Please repeat the listing below exactly, but do not include its pictures.

Data for this exercise below:

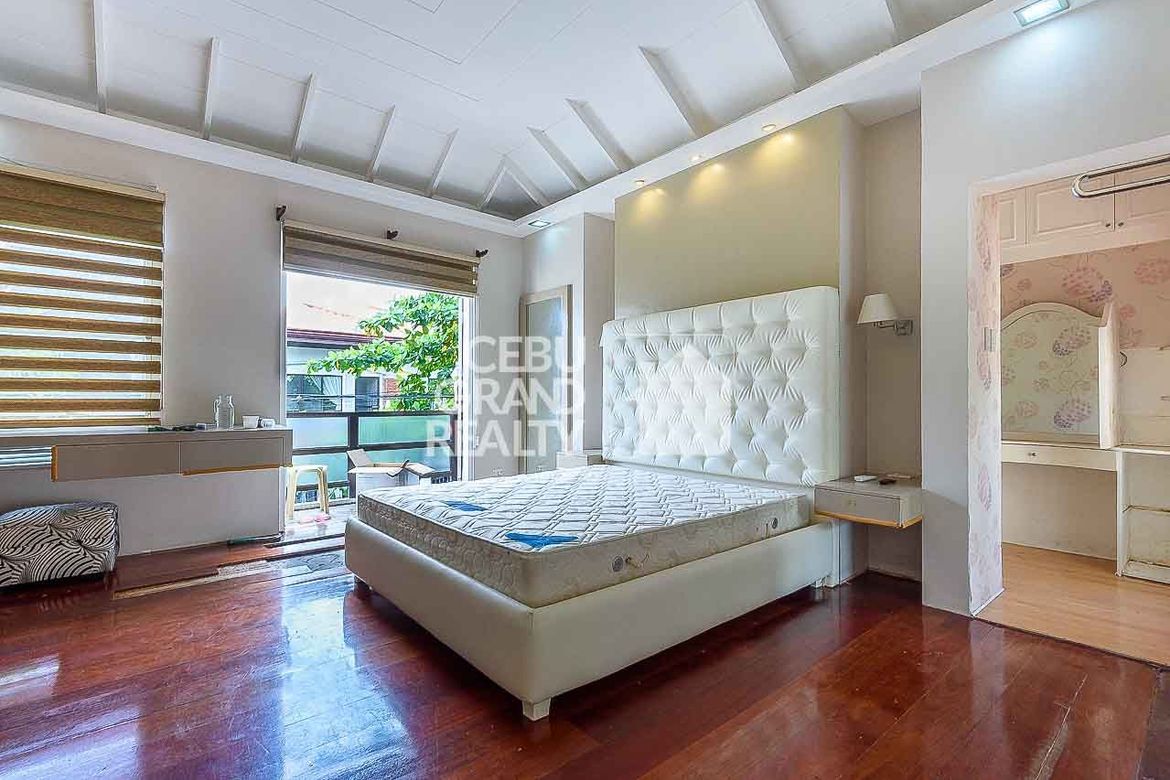 4 Bedroom House for Sale in Mabolo, Cebu City, Cebu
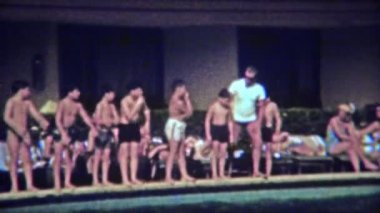 Çocuk yüzme yarışı otel havuzu genelinde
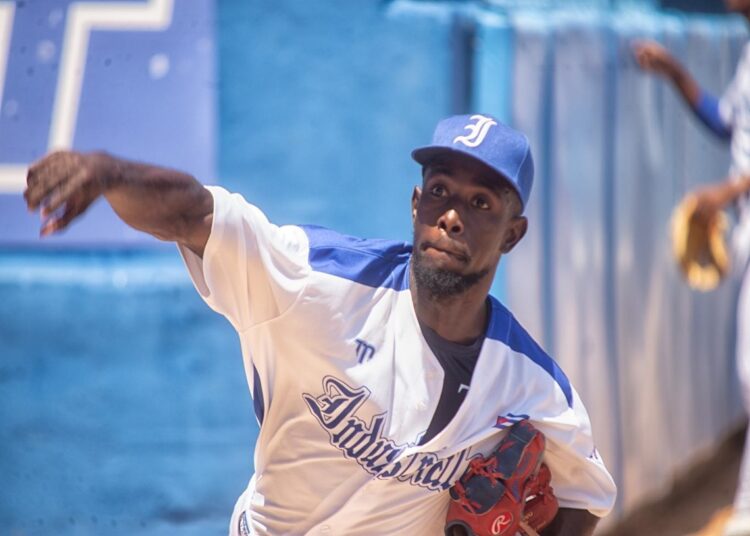 Pavel Hernández propinó el no hitter número 66 en la historia de los clásicos beisboleros cubanos. Foto: Tomada de CubaDugout.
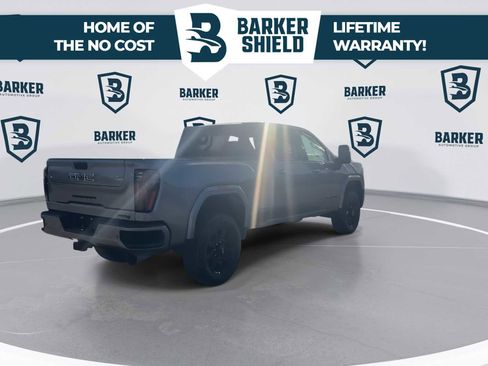 New 2026 GMC Sierra 2500 AT4 w/ LPO, Black Badging Package AWD/4WD image 9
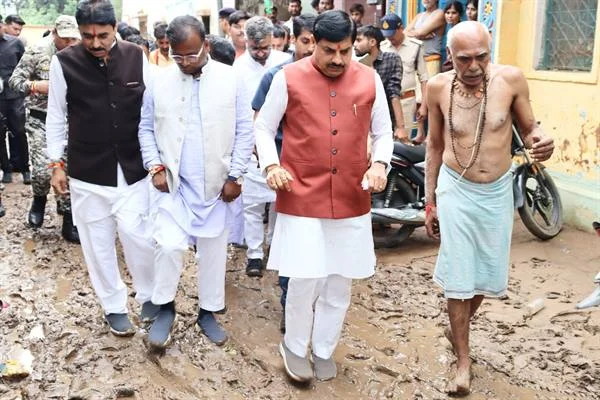 मुख्यमंत्री ने चित्रकूट में बाढ़ प्रभावित क्षेत्रों का किया पैदल भ्रमण, किया नुकसान का मुआयना मुख्यमंत्री ने चित्रकूट में बाढ़ प्रभावित क्षेत्रों का किया पैदल भ्रमण, किया नुकसान का मुआयना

End of Data for this exercise.

#### Output for this exercise:
 4 Bedroom House for Sale in Mabolo, Cebu City, Cebu
 Çocuk yüzme yarışı otel havuzu genelinde
 Pavel Hernández propinó el no hitter número 66 en la historia de los clásicos beisboleros cubanos. Foto: Tomada de CubaDugout.
 New 2026 GMC Sierra 2500 AT4 w/ LPO, Black Badging Package AWD/4WD image 9
 मुख्यमंत्री ने चित्रकूट में बाढ़ प्रभावित क्षेत्रों का किया पैदल भ्रमण, किया नुकसान का मुआयना मुख्यमंत्री ने चित्रकूट में बाढ़ प्रभावित क्षेत्रों का किया पैदल भ्रमण, किया नुकसान का मुआयना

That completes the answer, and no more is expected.